56.         These judicial review proceedings were initially heard over two days in December 2023.  The hearing of the proceedings was reopened, at the direction of the court, to allow the parties to address the implications of the case law of the European Court of Human Rights in relation to language rights.  In particular, the parties were invited to address the judgment of the ECtHR in Džibuti v. Latvia, Application No. 225/20.  That judgment builds upon the earlier judgment in Valiullina v. Latvia, Application No. 56928/19.  The parties were given time to prepare and exchange written submissions on these two judgments and the hearing resumed on 26 April 2024.  

57.         The two judgments of the ECtHR confirm that Article 2 of Protocol No. 1 of the European Convention does not include the right to access education in a particular language; it guarantees the right to education in one of the official languages of the country concerned.  The applicant cannot, therefore, assert that he enjoys a substantive right under the European Convention to be taught his heritage language, still less a substantive right to insist on a particular form of examination and marking scheme.

58.         The absence of a substantive right does not necessarily preclude a claim under Article 14 of the European Convention.  This is because the ECtHR has held that the prohibition of discrimination enshrined in Article 14 extends beyond the enjoyment of the rights and freedoms which the Convention and the Protocols thereto require each Convention State to guarantee.  It applies also to those additional rights, falling within the general scope of any Convention article, for which the State has voluntarily decided to make provision.

59.         Only differences in treatment which do not have an "objective and reasonable justification" are discriminatory and consequently contrary to Article 14 of the European Convention.  A difference in treatment "lacks objective and reasonable justification" if it does not pursue a legitimate aim and/or if there is not a reasonable relationship of proportionality between the means employed and the aim sought to be realised.

60.         As discussed below, the judgment in Džibuti v. Latvia is relevant to the question of comparators and to the margin of appreciation afforded in relation to the teaching of foreign languages.

 

Discussion

61.         One of the many unusual features of the claim for discrimination in the present case is that the discrimination is said to consist of the difference itself.  To elaborate: in most instances, an equality claim will arise against a background whereby a benefit or privilege is afforded to a category of individuals.  A common example is a particular form of social welfare payment.  The party alleging discrimination will say that they are similarly situated to individuals in that category, yet they have been denied the benefit or privilege by reference to a characteristic such as, for example, gender, race, ethnicity or marital status. 

62.         Here, the benefit or privilege consists of the right to sit a competitive state-sponsored examination in the language subject.  The results of that examination can then be relied upon for the purpose of an application for admission to third-level educational institutions.  Crucially, the examination is open to all comers.  This is so irrespective of the individual's nationality, ethnicity, or language heritage.  It is not even necessary that the individual have studied the language subject in a recognised school: an individual may register to undertake the examination as an external candidate.  As it happens, the applicant in the present case enjoys the additional benefit of being able to undertake a course of instruction in the language subject in his non-fee paying secondary school.  The applicant makes no complaint in relation to this additional benefit.

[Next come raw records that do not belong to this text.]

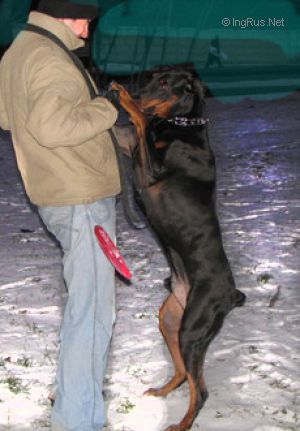 Dog Photo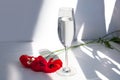 Three red poppies flowers on white table with contrast sun light and shadows and wine glass with water close Royalty Free Stock Photo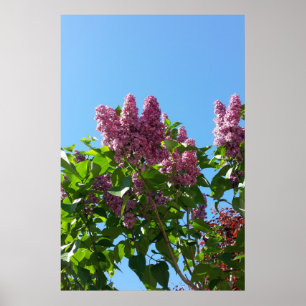 Syringa, Syrenblomstrande träd Poster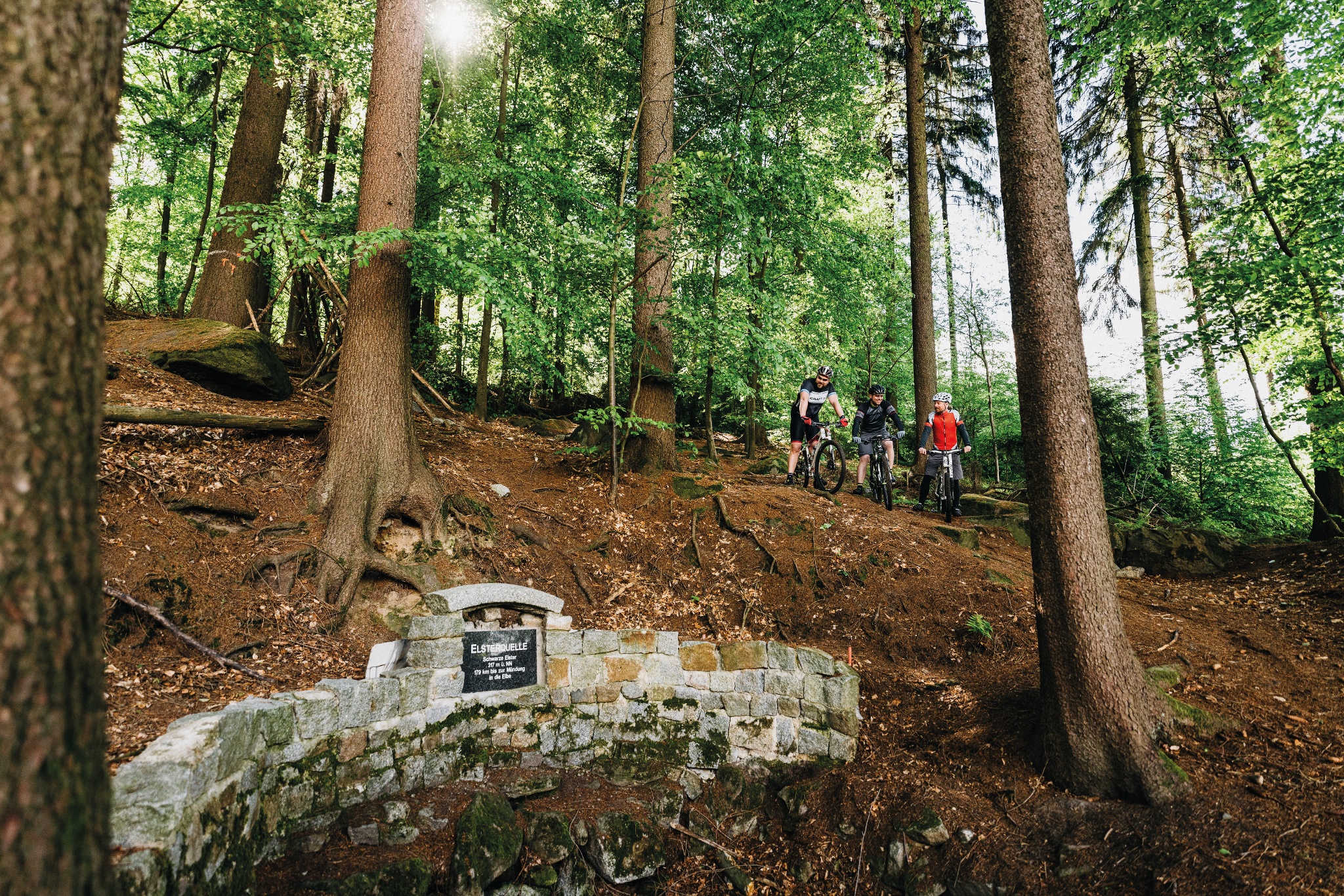 Schwarze-Elster-Radweg – Motiv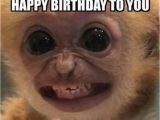 D&amp;d Birthday Meme Pin by Deborah Leblanc On Just 39 Cause Funny Memes Funny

63.         In circumstances where the examination is open to all comers, the applicant cannot allege that there is any direct discrimination.  Rather, the complaint made is that an aspect of the applicant's own characteristics, namely, his cultural and linguistic heritage, means that the benefit is less valuable to him than to an examination candidate whose cultural and linguistic heritage involves simplified characters. 

64.         The equality provision will rarely, if ever, be engaged by the syllabus or marking scheme of a competitive examination.  (The principal potential exception being where a candidate has a disability which requires accommodation).  By definition, one of the purposes of the leaving certificate examination process is to differentiate between candidates by reference to their academic ability.  In the context of a language subject, an individual candidate's cultural and linguistic heritage may confer an initial advantage upon them.  For example, in the context of a German language examination, a child with a German heritage will have an initial advantage over a child whose mother tongue is English and who has not learnt or spoken German previously.

65.         The fact that a subset of candidates might, in consequence of their cultural and linguistic heritage, have an initial advantage over other candidates does not involve a breach of the equality provision.  All candidates will have an equal opportunity to prepare for the examination and will be assessed objectively by reference to the same syllabus and marking scheme.  The fact that a non-native speaker may have had to work harder to achieve the same grade as a native speaker does not amount to discrimination.

66.         It is telling that the applicant has struggled to identify the category of candidates in comparison to which he has supposedly been treated unequally.  The identification of a similarly situated comparator is an essential part of the analysis of a claim of discrimination.  When pressed, counsel for the applicant suggested two comparators as follows at the hearing on 26 April 2024.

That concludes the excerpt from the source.